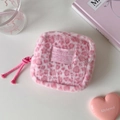 Detailed view of pink leopard plush makeup bag with zipper and woven Hisocute label - Pink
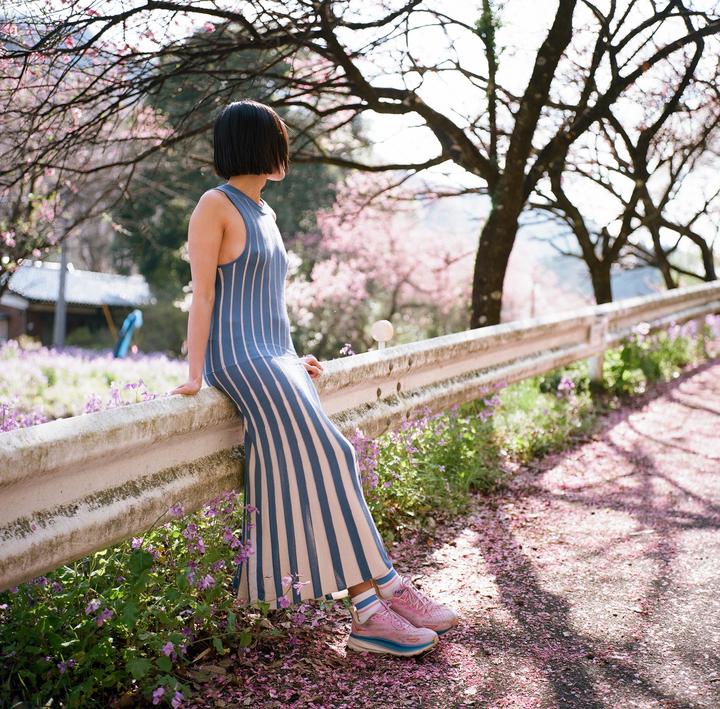 A woman in a striped dress sits on a guardrail next to a road covered in pink petals.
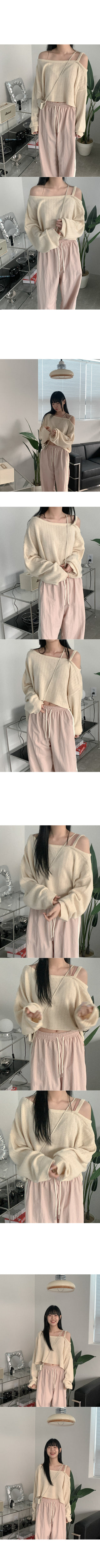 Asymmetrical boat neck cropped knit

━━━━━━━━

- **TASK DESCRIPTION**
Please copy the data shown above, line by line and exactly, omitting the images.

- **ANSWER**
 Detailed view of pink leopard plush makeup bag with zipper and woven Hisocute label - Pink
 A woman in a striped dress sits on a guardrail next to a road covered in pink petals.
 Asymmetrical boat neck cropped knit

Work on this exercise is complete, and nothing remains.